The EU’s Action Plan should fill this important gap by prioritising the establishment of robust, legally certain frameworks for public-private information sharing. By institutionalizing the exchange of risk indicators and aligning fraud prevention with existing AML/CFT architectures, the EU can finally move from reactive mitigation to proactive disruption, intercepting criminal activity before harm is realized.
Online fraud and organised crime
In recent years, online scams have become a part of organised crime, profiting and financing criminal organisations. Therefore, it is vital to also address fraud in this context, and we believe that the upcoming Action Plan should also address the role of law enforcement. As scams have become the remit of organised, transnational crime, a coordinated whole-of-government approach is required, supported by stronger law-enforcement capabilities, improved cross-border cooperation, and central EU-level coordination. Europol is uniquely positioned to act as this hub, and we should support strengthening its role through enhanced intelligence sharing, coordinated operations, and dedicated intelligence-led mechanisms focused on scams.

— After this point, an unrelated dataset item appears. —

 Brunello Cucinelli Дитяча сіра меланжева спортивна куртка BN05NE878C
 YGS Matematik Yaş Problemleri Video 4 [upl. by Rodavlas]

Supporting and empowering the EU citizens
The EFA agrees with the Commission’s suggestion to improve support for fraud victims. We however would emphasise that consumers must be equipped with the necessary information and tools to recognise scams.
While the players involved in the fraud chain must do their best to combat fraud, optimal results will be reached when fewer consumers fall victim to fraudulent practices in the first place. Often overlooked, this is a key link of the fraud-prevention chain, and one that is currently missing from the consultation document.
In addition, streamlining victim reporting will have a hugely beneficial impact on EU citizens. At the moment, this is a big gap across the EU, and EFA believes that it is crucial for information to be reportable once and then accessible in real-time by anyone who needs it in order to combat fraud effectively.